Brown pushes to expand scale and scope of Earned Income Tax Credit
TOLEDO – U.S. Sen. Sherrod Brown, D-Ohio, visited a volunteer tax preparation site Tuesday in Toledo as he outlined legislation that would compensate for decades of rising costs and stagnant wages.
Brown’s bill would:
• Roughly double the Earned Income Tax Credit for working families, increase the credit for childless workers almost sixfold, and make millions more Americans eligible. Roughly 50 million Americans would get $3,000 to $12,000 under this provision of the bill.
• For the first time, extend the credit to students and people raising children or caring for aging parents and other relatives. A recent study by AARP and the National Alliance for Caregiving found that almost 40 million Americans are providing unpaid care. A study by GAO found that almost a third of all college students experience food insecurity.
• Allow people to claim an annual $500 advance on the credit, interest free, in order to cover emergency expenses. This provision provides an alternative to predatory, payday lenders.

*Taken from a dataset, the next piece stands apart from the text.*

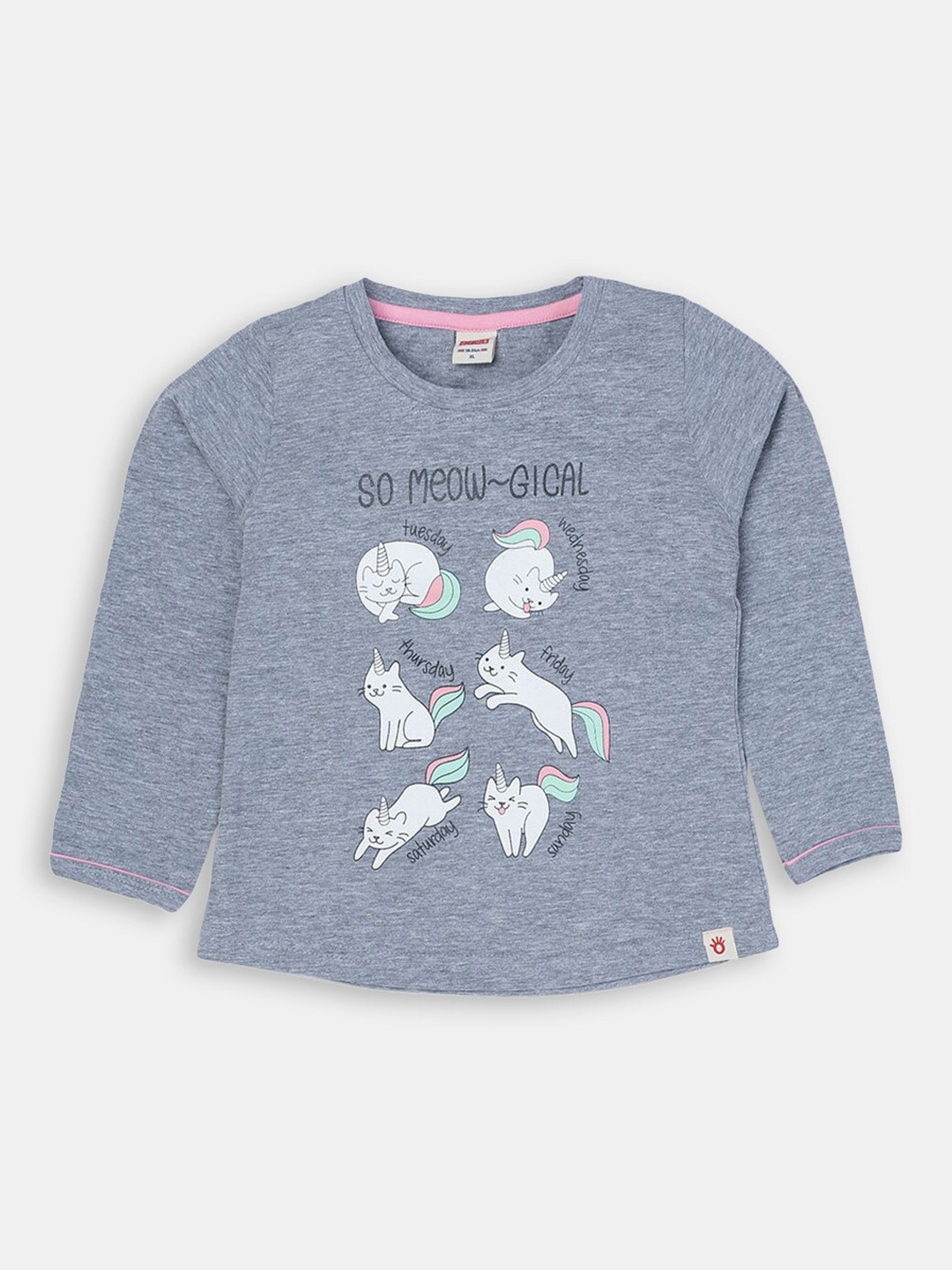 

Hopscotch Girls Grey Typography Printed Cotton T-shirt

“All across the country, hard work isn’t paying off like it should. Corporate profits have soared, executive compensation has exploded, but wages are flat. Meanwhile the cost of everything from healthcare to education and housing is up,” said Brown. “We need to put more money back in the pockets of working people and that’s what this bill does.”
Brown was joined at the press conference by Toledoans who have benefitted from the EITC in the past and local advocates from Toledo Local Initiatives Support Corp. and United Way of Greater Toledo who work to help Ohioans prepare their taxes and secure the biggest refunds possible. The West Toledo Branch Library is one of the sites where Toledo LISC is offering free tax preparation services.
“As a single mother raising six children, with three degrees, I worked every day, yet I still found myself struggling financially and having to make hard choices,” said Marcia Dinkins, who benefitted from the EITC. “The really hurt came knowing that I had to choose between needs for my family rather than wants.
“As like many other people, I saw tax season as the time I could get ahead of the challenges I faced,” Dinkins said. “If the EITC had not been refundable, I would have missed out on extra income that helped me to stock up my freezer to shorten the cost on food and it helped me to not have to choose between needs, but to meet the need.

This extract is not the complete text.